◆ **Directions**: Although the data below contains pictures, please reproduce only its words, exactly.

======== Record excerpts

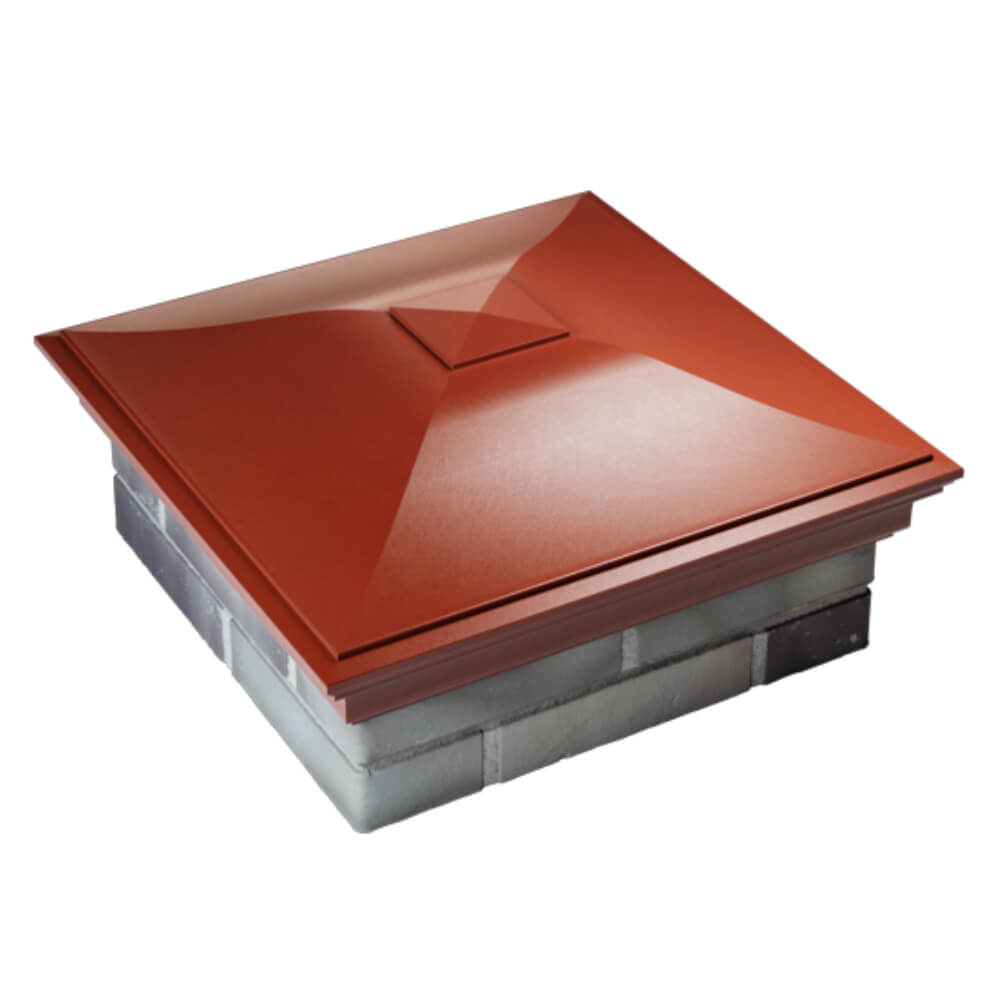 Колпак Zking Монблан Красный на столб 2х2 кирпича (515х515мм) Заринск фото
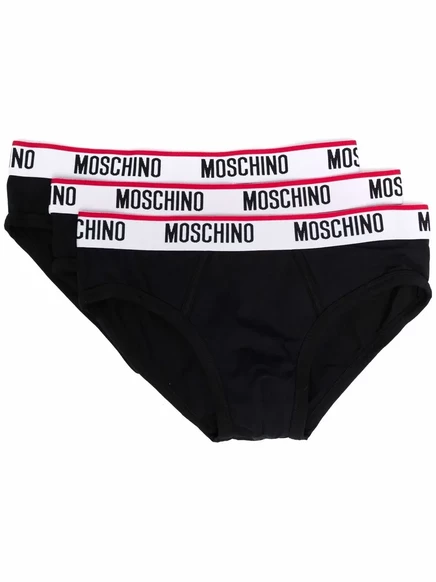 Мужские трусы-брифы Moschino 3 шт., черные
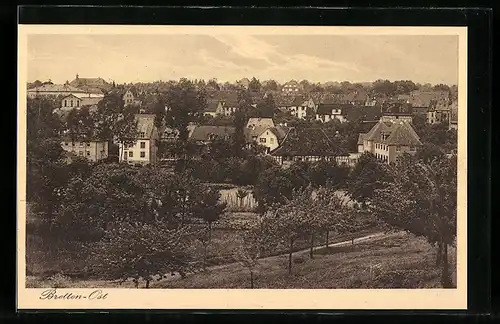 AK Bretten, Blick auf den östlichen Stadtteil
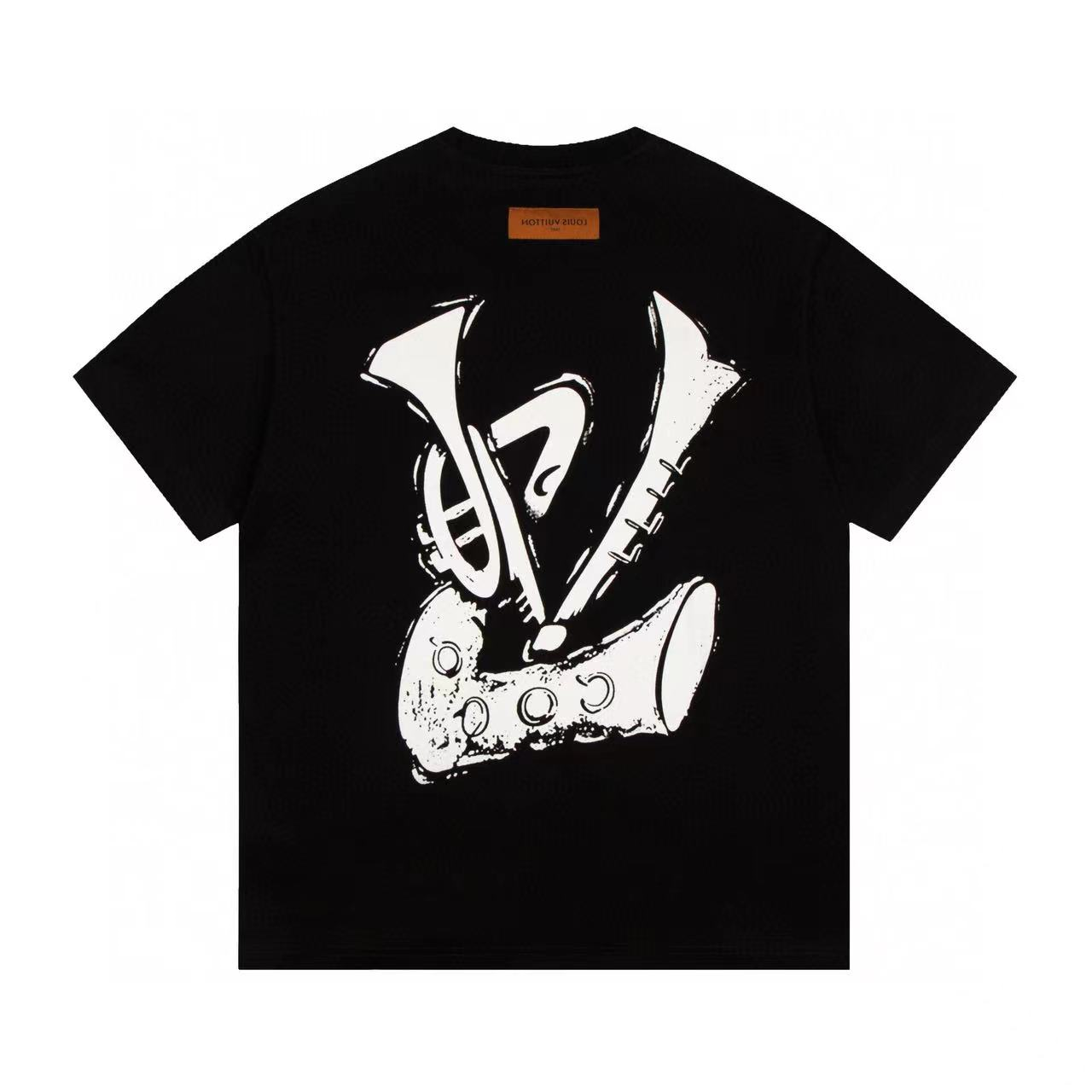 Louis Vuitton x Yoji Yamamoto Black Graphic T-Shirt - 9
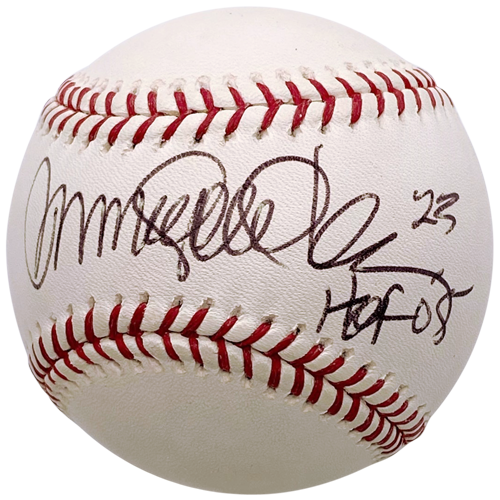 Ryne Sandberg Autographed MLB Baseball w/ 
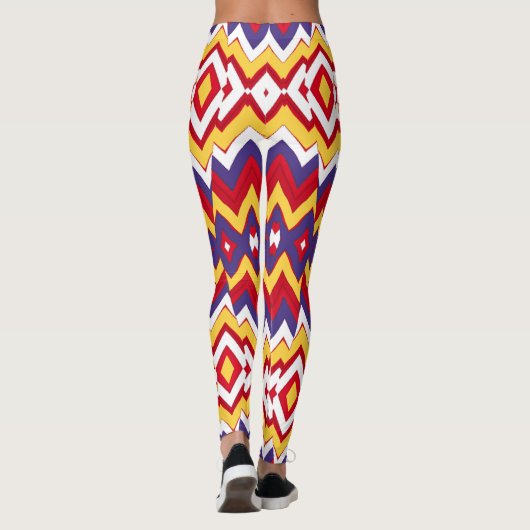 Multicolor zigzag Muster "Ratti_Creative_Arts" Leggings (Rückseite)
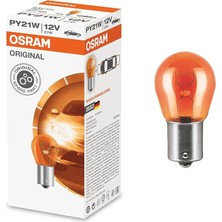 P21W 12V 21W 93 BAU15S 7507 Yakın Tırnak Sarı - 10 Adet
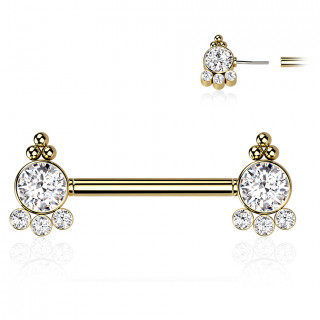 Piercing tton Dor push-in chic  strass et perles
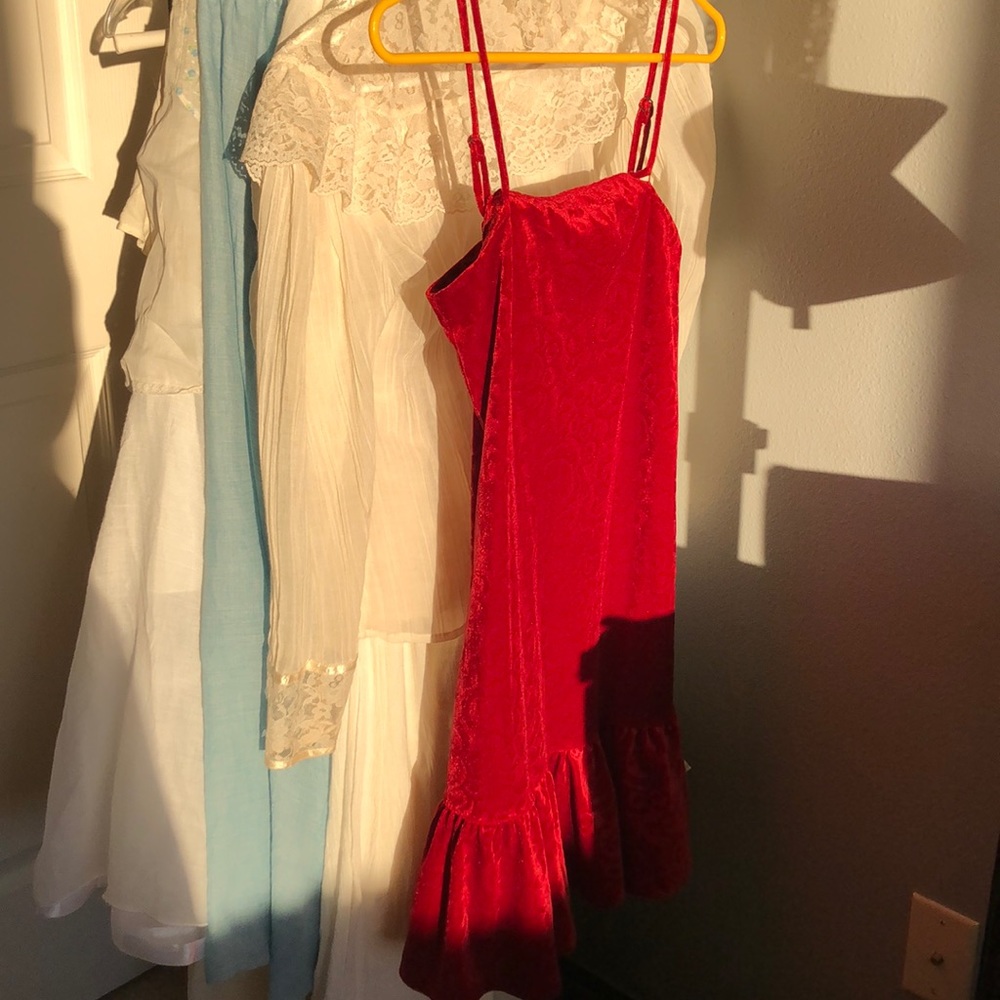 Red dress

================

◆ **Response to the exercise**:
 Колпак Zking Монблан Красный на столб 2х2 кирпича (515х515мм) Заринск фото
 Мужские трусы-брифы Moschino 3 шт., черные
 AK Bretten, Blick auf den östlichen Stadtteil
 Louis Vuitton x Yoji Yamamoto Black Graphic T-Shirt - 9
 Ryne Sandberg Autographed MLB Baseball w/ 
 Multicolor zigzag Muster "Ratti_Creative_Arts" Leggings (Rückseite)
 P21W 12V 21W 93 BAU15S 7507 Yakın Tırnak Sarı - 10 Adet
 Piercing tton Dor push-in chic  strass et perles
 Red dress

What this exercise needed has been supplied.